# Directions:
For the entries that follow, restate word for word the line containing "Catalyst LAND ROVER", the line containing "4100 SW 64th", and every line that lies between them.

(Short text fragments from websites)
..........

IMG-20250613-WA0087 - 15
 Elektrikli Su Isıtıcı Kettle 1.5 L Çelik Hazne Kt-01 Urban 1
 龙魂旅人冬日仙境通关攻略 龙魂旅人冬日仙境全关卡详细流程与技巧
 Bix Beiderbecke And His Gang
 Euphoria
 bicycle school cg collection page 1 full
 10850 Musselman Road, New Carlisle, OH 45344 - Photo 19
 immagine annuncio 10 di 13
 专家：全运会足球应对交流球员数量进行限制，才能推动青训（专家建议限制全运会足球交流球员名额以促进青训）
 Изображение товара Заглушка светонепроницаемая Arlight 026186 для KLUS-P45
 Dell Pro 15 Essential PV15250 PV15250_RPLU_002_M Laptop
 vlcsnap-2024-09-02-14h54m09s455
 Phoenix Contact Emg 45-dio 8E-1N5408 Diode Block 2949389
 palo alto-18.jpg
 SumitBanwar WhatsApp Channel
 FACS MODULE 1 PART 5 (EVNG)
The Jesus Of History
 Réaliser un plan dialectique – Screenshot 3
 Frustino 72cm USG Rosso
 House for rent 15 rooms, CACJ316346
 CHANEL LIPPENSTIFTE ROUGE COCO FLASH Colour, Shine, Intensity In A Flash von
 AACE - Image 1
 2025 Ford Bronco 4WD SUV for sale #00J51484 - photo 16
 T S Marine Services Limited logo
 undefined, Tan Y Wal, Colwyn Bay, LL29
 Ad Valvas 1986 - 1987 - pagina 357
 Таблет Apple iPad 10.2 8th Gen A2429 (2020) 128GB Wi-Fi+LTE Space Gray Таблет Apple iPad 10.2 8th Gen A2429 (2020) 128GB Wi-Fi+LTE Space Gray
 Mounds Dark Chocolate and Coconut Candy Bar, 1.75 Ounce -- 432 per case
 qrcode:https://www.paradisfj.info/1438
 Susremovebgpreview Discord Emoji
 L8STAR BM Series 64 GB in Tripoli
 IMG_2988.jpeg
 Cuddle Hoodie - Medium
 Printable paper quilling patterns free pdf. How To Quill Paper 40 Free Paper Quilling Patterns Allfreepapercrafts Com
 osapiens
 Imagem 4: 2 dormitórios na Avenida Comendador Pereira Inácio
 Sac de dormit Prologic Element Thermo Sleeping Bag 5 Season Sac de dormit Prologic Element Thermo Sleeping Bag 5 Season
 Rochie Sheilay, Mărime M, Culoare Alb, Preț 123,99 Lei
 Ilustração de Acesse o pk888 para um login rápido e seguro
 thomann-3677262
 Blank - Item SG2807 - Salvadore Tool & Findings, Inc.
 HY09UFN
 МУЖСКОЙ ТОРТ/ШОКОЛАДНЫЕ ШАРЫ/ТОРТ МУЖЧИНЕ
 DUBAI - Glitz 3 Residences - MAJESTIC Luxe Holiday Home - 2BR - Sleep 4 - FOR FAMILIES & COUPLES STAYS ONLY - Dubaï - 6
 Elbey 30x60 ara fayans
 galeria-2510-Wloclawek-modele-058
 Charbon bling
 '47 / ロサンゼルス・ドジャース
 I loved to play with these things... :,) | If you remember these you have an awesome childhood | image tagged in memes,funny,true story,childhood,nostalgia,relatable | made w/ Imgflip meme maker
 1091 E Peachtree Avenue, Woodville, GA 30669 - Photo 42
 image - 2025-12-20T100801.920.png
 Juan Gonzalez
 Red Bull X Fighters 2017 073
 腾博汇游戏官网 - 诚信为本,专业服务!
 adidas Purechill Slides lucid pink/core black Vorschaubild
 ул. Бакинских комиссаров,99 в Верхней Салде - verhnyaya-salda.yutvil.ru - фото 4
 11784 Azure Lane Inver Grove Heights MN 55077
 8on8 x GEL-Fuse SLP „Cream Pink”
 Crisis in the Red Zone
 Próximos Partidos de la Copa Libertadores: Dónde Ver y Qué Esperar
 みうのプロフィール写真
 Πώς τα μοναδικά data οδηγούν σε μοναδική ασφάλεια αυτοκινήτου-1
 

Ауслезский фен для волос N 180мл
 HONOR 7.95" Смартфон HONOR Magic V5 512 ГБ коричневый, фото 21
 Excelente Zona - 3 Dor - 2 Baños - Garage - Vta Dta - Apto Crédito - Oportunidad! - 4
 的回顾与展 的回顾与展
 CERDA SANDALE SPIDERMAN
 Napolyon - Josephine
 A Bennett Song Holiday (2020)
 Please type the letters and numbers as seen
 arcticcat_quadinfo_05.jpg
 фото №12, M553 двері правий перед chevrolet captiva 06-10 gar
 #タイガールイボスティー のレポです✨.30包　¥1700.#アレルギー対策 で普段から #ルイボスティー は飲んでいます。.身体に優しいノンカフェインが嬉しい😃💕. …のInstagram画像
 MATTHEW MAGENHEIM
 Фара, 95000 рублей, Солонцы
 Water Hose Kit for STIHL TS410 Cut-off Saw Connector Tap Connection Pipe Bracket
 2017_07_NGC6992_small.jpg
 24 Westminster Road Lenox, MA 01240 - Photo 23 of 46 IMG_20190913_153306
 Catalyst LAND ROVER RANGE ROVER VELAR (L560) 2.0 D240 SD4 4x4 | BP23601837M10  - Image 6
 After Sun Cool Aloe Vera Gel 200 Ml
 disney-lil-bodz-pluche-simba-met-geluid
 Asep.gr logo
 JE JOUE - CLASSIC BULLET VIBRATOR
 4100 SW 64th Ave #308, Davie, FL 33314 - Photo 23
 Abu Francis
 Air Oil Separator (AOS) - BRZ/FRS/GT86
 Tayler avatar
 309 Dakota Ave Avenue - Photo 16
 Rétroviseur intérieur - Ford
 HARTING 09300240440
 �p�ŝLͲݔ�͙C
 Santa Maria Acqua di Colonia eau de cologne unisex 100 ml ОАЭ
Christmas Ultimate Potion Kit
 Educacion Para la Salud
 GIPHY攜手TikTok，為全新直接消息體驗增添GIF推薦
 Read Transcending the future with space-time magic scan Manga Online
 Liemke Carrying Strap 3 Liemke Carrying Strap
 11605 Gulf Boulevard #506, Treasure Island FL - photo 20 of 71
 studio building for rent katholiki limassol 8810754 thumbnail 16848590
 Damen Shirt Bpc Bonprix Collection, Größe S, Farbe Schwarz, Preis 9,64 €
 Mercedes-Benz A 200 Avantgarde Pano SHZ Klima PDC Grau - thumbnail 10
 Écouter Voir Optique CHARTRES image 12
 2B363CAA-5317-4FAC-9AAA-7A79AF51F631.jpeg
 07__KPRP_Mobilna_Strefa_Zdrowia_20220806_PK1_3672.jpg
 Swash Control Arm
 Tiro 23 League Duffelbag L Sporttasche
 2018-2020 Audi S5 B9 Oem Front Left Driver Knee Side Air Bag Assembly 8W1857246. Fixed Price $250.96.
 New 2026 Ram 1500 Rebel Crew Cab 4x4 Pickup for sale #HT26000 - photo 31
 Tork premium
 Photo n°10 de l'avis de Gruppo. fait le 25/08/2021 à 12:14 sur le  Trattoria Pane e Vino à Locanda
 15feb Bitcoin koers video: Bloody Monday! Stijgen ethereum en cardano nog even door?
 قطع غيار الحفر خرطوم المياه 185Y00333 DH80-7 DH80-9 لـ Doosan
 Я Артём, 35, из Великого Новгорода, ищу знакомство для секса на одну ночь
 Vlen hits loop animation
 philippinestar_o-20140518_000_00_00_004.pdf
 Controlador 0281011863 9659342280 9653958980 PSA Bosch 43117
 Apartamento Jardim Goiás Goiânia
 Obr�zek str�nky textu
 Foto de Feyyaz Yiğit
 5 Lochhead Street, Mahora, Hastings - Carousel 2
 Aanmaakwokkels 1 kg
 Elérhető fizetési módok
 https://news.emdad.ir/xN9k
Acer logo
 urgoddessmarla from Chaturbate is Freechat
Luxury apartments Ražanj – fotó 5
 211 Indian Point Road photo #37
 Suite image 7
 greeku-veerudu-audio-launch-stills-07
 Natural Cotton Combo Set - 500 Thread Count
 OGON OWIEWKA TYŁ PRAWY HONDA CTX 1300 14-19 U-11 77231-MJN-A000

..........

# Answer to this task:
 Catalyst LAND ROVER RANGE ROVER VELAR (L560) 2.0 D240 SD4 4x4 | BP23601837M10  - Image 6
 After Sun Cool Aloe Vera Gel 200 Ml
 disney-lil-bodz-pluche-simba-met-geluid
 Asep.gr logo
 JE JOUE - CLASSIC BULLET VIBRATOR
 4100 SW 64th Ave #308, Davie, FL 33314 - Photo 23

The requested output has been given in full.